Germany to double net borrowing for 2021 after suspending budget rule
Germany will double its initially planned borrowing for 2021 to help finance businesses hit hard by the second wave of the Covid-19 pandemic, lawmakers said Friday morning.
The parliamentary budget committee has agreed to a debt of €180bn (£160bn), almost twice the originally planned €96bn (£85bn).
This is the second largest amount of net borrowing in Germany since World War II.
Parliament said the high debt was necessary to help businesses struggling under lockdown restrictions and prevent a further contraction of the economy.

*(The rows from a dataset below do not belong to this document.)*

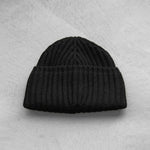 IVY ELLIS Cousteau Beanie in Black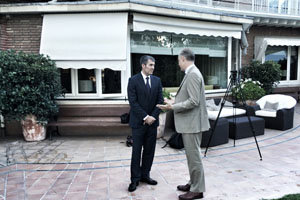 Fernando Clavijo y Simon Manley, durante su encuentro.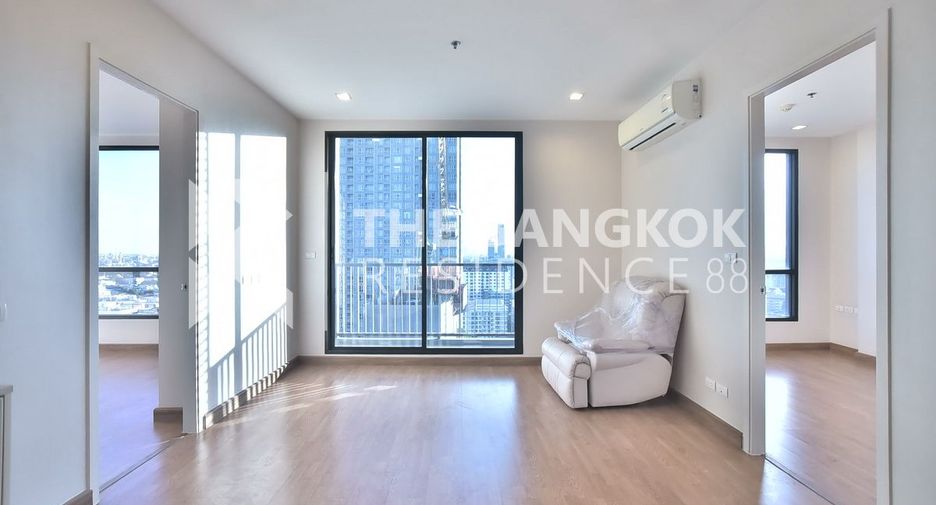 Wohnung zum Kauf mit 2 Zimmer in Phra Khanong, Bangkok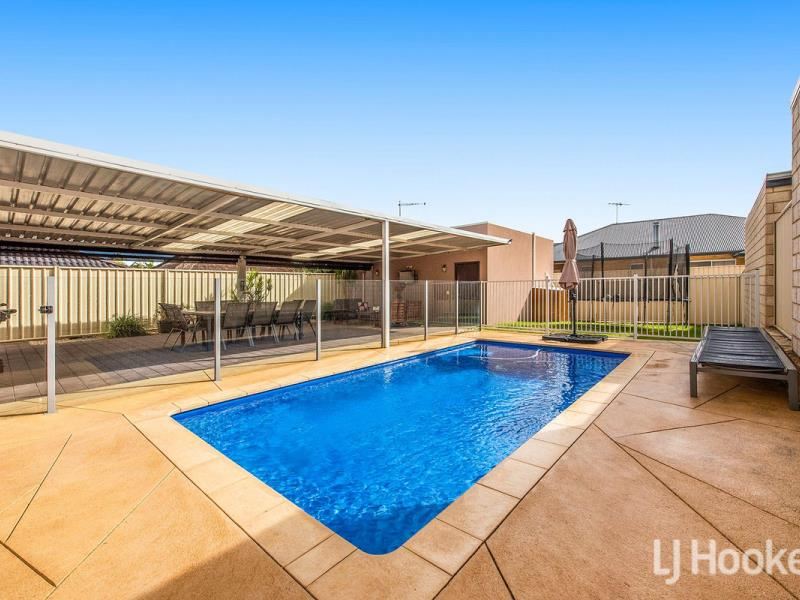 97 Lake Valley Drive, Lakelands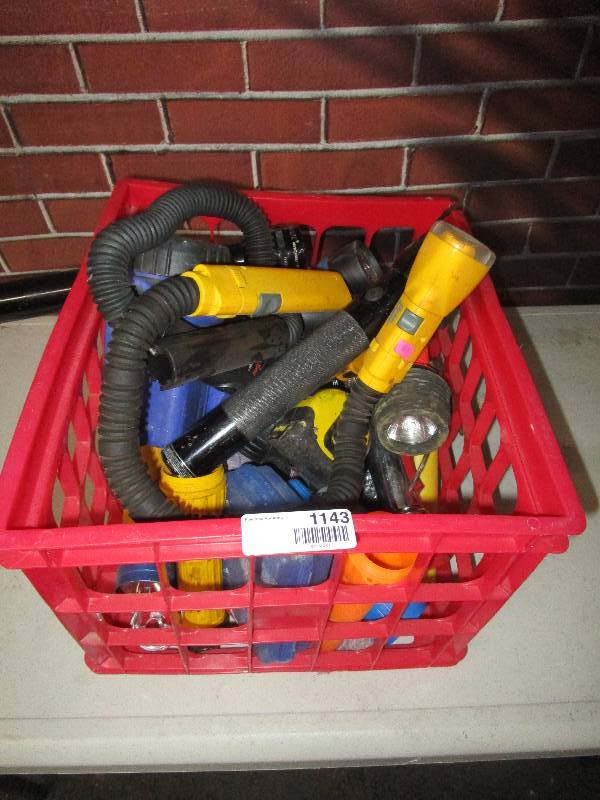 lot 1143 image: Lot of Flashlights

Lawmaker Eckhardt Rehberg of Chancellor Angela Merkel’s Christian Democrats (CDU) party said: “We must once against make use of the exemption rule from the debt brake.”
This brake is part of the German constitution and restricts issuing new debt by limiting the federal budget deficit to 0.35 per cent of economic output.
The debt brake was suspended by the German Parliament this year, after it took unprecedented steps to help businesses.
Germany’s second Covid-19 lockdown was introduced in early November, and has been extended this week until 20 December, with all bars, restaurants and entertainment venues remaining shut.
Financial support for closed businesses is to be extended.
Greens party lawmaker Sven-Christian Kindler said: “The new borrowing is the right thing to do. You cannot save your way through a crisis.”